Hal ini mencerminkan realitas ekonomi dan kebutuhan energi masing-masing negara, yang membuat proses transisi menjadi tantangan tersendiri.
Komitmen G7 ini mendapat kritik dari para aktivis lingkungan yang menilai langkah tersebut tidak cukup konkret dan ambisius.
Menurut Friederike Roder, Wakil Presiden Global Citizen, pertemuan puncak G7 kali ini kurang memberikan nilai tambah yang signifikan dalam hal kepemimpinan iklim global.
Sebagian besar janji yang diumumkan dianggap sebagai pengulangan dari pertemuan-pertemuan sebelumnya.
Oscar Soria, CEO Common, juga menyatakan kekecewaannya terhadap komitmen G7 yang dianggap gagal memanfaatkan momentum untuk meninggalkan investasi di sektor minyak dan gas.
Para aktivis berharap G7 dapat mengambil langkah lebih berani menjelang Konferensi Iklim PBB COP29 pada November mendatang.
Salah satu poin kontroversial dalam rancangan pernyataan G7 adalah kemungkinan adanya investasi dalam sektor gas sebagai solusi sementara untuk mengurangi ketergantungan pada energi Rusia.

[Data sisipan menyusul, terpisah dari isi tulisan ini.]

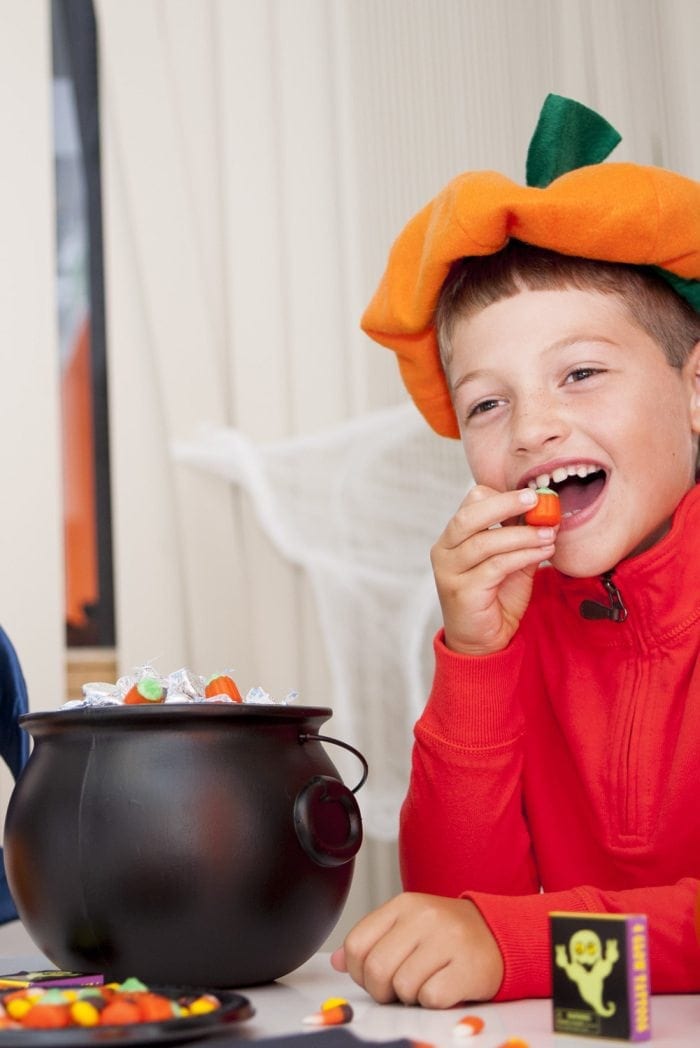 Image showing a young boy snacking on Halloween candy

Langkah ini disambut dengan skeptisisme oleh para pemerhati lingkungan yang melihatnya sebagai bentuk ketergantungan baru pada bahan bakar fosil, meski dengan skala yang lebih kecil.
Sebagai tuan rumah, Italia mencoba mengalihkan fokus G7 ke Mediterania dan Afrika dengan meluncurkan inisiatif “Energi untuk Pertumbuhan di Afrika”.
Inisiatif ini bertujuan untuk mengalokasikan investasi dalam energi ramah lingkungan di Afrika, yang selama ini menjadi sumber bahan bakar fosil dan mineral penting bagi negara-negara maju.
Namun, kritik muncul dari lembaga kajian perubahan iklim Italia, ECCO, yang menilai kurangnya pendanaan baru mengurangi kredibilitas inisiatif tersebut.
G7 diharapkan dapat meningkatkan ambisi mereka dan memberikan dukungan yang lebih konkret untuk transisi energi global.
Tantangan terbesar adalah memastikan komitmen ini dapat diimplementasikan dengan efektif, mengingat keragaman kebutuhan dan kondisi ekonomi negara-negara anggota.
Dengan adanya tekanan dari para aktivis dan masyarakat global, G7 perlu menunjukkan kepemimpinan yang kuat dalam menghadapi krisis iklim.